Goldbricking: Keep the Dream Alive
I've decided to change The Malingerer's blog codename (real name: Rick Wilson) to The Goldbricker. It sounds better both on its own merits and by sort of referencing Goldfinger (the Bond villain, not the band). Anyway, the Goldbricker hasn't been to work since the Friday before Labor Day, September 2. He's pretending that his back hurts, but we spent all day yesterday working on the sliding door to the downstairs half-bath. And he's been customizing some cardboard boxes for his massive VHS tape collection, sitting on the family room floor and leaning over and squatting and all the sorts of things a person with a bad back can't do.
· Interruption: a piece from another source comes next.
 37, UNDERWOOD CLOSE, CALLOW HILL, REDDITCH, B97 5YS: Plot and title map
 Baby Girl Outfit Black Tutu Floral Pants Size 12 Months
I'm just about the laziest person I know; so, I don't know why his goldbricking so offends me. But the fact remains that it does. I have a plan to acquire some of that ever so satisfying retribution and have already set it in motion.
The Visual Cacophony
Ninety percent fo tghe work of redecoration my bedroom has been accomplished. All I'm waiting on now is for two posters to finish flattening. Have I mentioned that I've stored all my posters and sundriy decorations in tubes? I forget. In any event, I have. For two years, my lovely posters sat between two sheets of cardboard, a great place to put them if you intend to hang them back up quickly, but a crummy method of long-term storage. So, now I've taken all my pretties, rolled them up, and placed them in stout, clearly labeled tubes. So, whenever I get out of here, it will be that much easier to take the visual cacophony with me and unleash it on my next domicile.
I Don't Trust Clark Kent
During the Goldbricker's goldbricking, I have returned home each afternoon to find the family room TV set to Fox News. And even though the Goldbricker is usually upstairs, the TV is still one and the volume is cranked up. Being local-news-writ-large, Fox News is airing wall-to-wall hurricane coverage. This is hardly surprising given the lemminglike nature of American "journalism." What is surprising is that I am noticing less and less difference between what I hear on NPR on my drive home and what I see on Fox when I walk in the front door. Sure, they approach Katrina's aftermath from opposite ends of the political spectrum, but aside from that each talks about the hurricane to the near-exclusion fo all else, repeating the same vapid comments and analyses ad nauseum. And a single tear runs down my cheek.